[WHAT THE TASK ASKS] Without including the pictures, copy out every line below.
** DATASET EXTRACT follows **
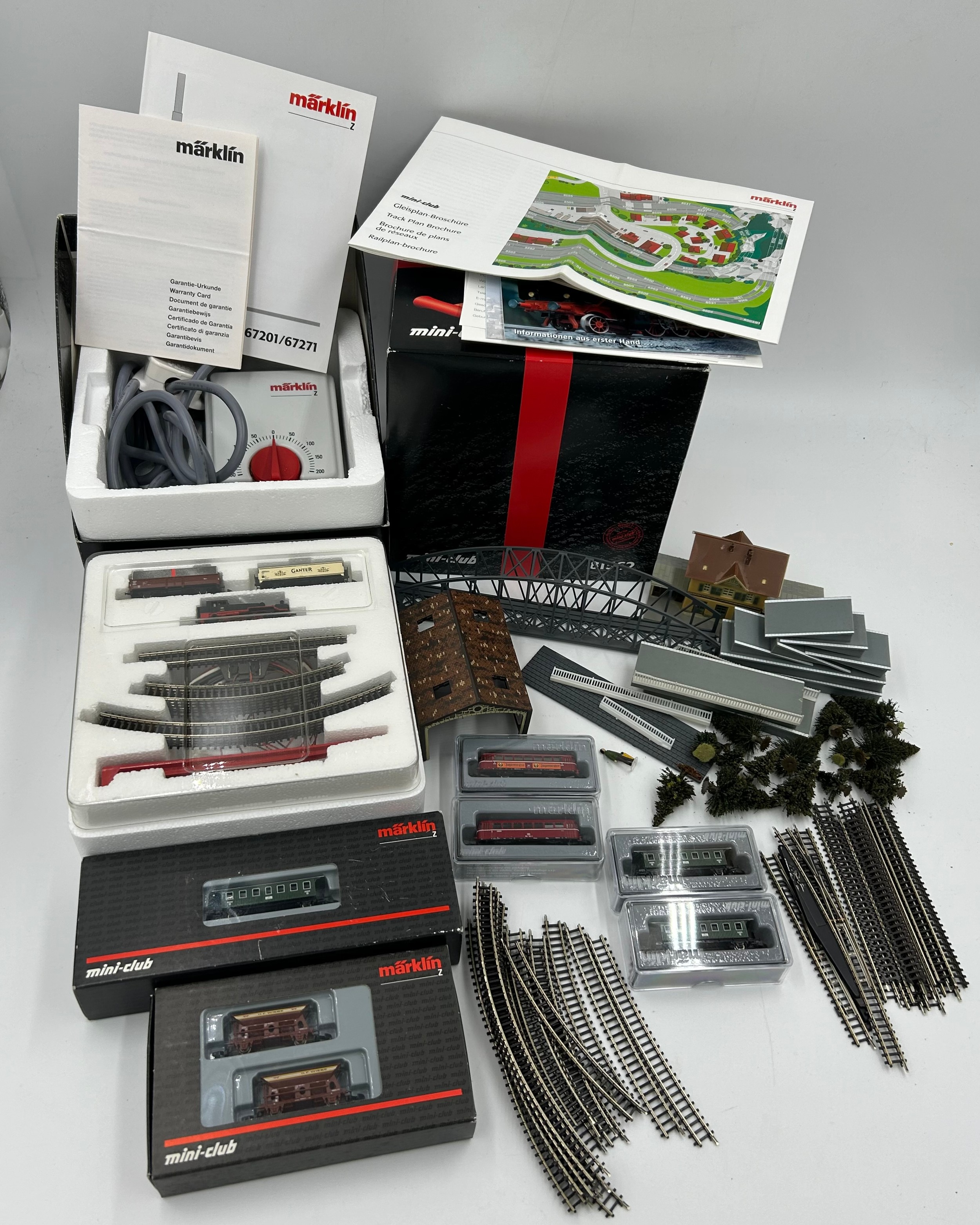 Marklin interest: A Marklin 81562 mini club z gauge starter Gift Set containing 2-6-0 DB black 74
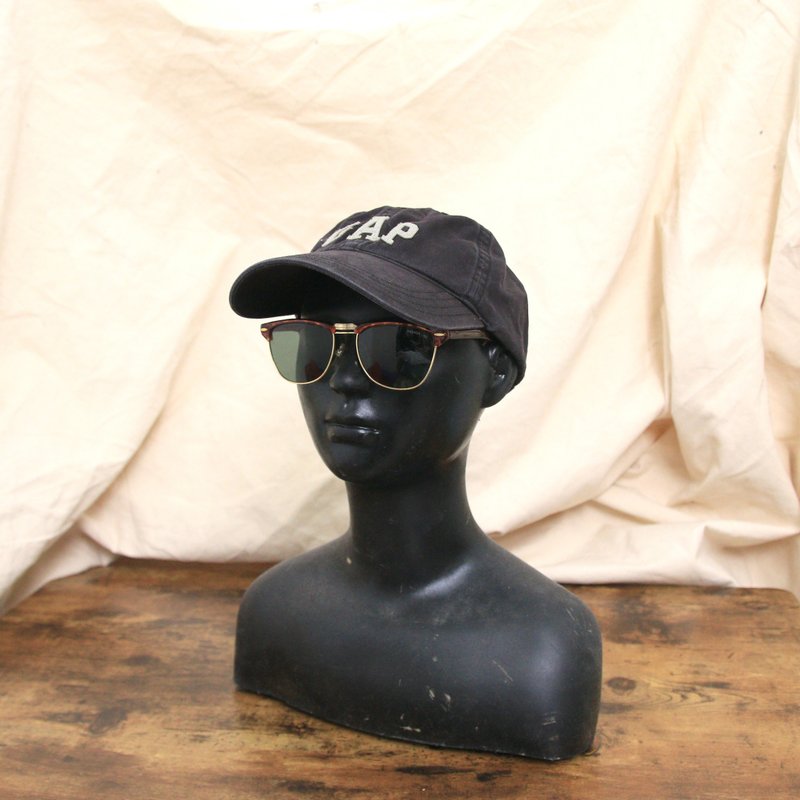 Back to Green::户外帽  复古刷色刺绣标 d-60//vintage hat - 帽子 - 棉．麻 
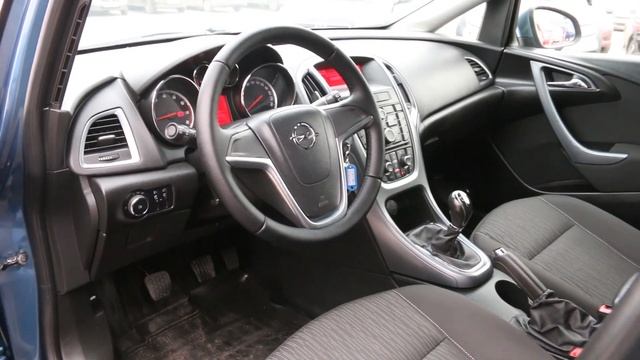 Opel Astra синий металлик смотреть онлайн
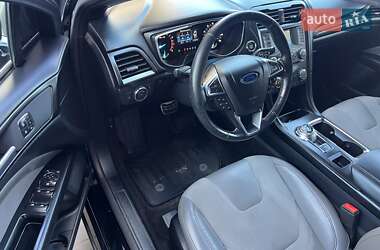 Седан Ford Fusion 2017 в 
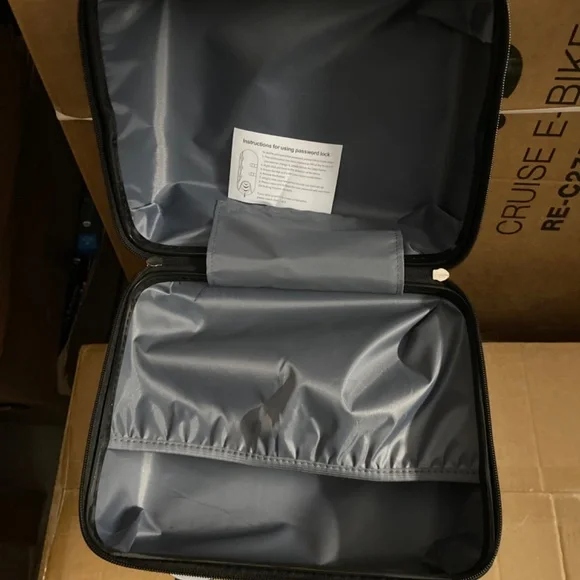 Portable Hard Shell Mini Suitcase & Toiletry Case - Carbon Black - Picture 1 of 4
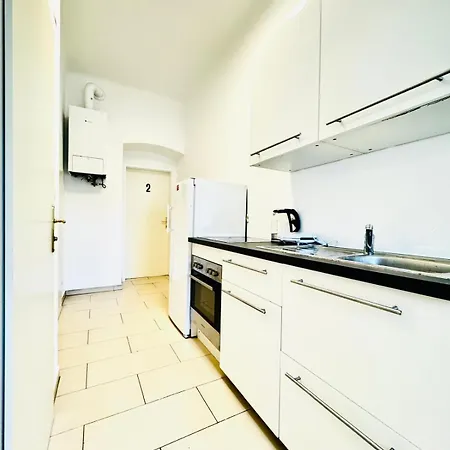 Apartament Lovely 2br For 5people, Only 17 Minute Walk To Schoenbrunn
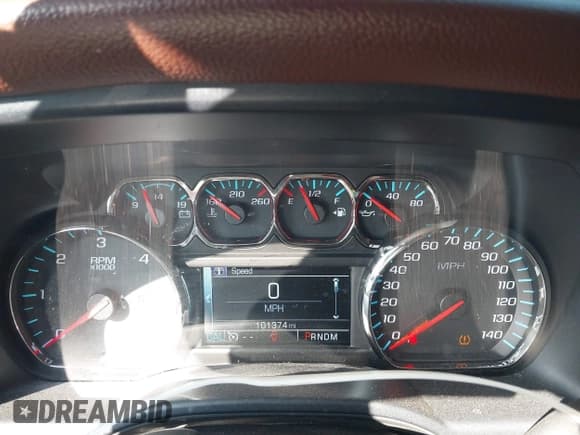 ✅ 2016 Chevrolet Silverado 1500 High Country • VIN: 3GCUKTEJ0GG133927 • Lot: 43484680. Wystawiony na IAAI z przebiegiem 101 374 mil. Bezpłatny archiwum sprzedaży aukcyjnych z USA i szczegółowy raport historii pojazdu na DreamBid. Zdjęcie 7.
** End of DATASET EXTRACT **
[TASK RESPONSE]
 Marklin interest: A Marklin 81562 mini club z gauge starter Gift Set containing 2-6-0 DB black 74
 Back to Green::户外帽  复古刷色刺绣标 d-60//vintage hat - 帽子 - 棉．麻 
 Opel Astra синий металлик смотреть онлайн
 Седан Ford Fusion 2017 в 
 Portable Hard Shell Mini Suitcase & Toiletry Case - Carbon Black - Picture 1 of 4
 Apartament Lovely 2br For 5people, Only 17 Minute Walk To Schoenbrunn
 ✅ 2016 Chevrolet Silverado 1500 High Country • VIN: 3GCUKTEJ0GG133927 • Lot: 43484680. Wystawiony na IAAI z przebiegiem 101 374 mil. Bezpłatny archiwum sprzedaży aukcyjnych z USA i szczegółowy raport historii pojazdu na DreamBid. Zdjęcie 7.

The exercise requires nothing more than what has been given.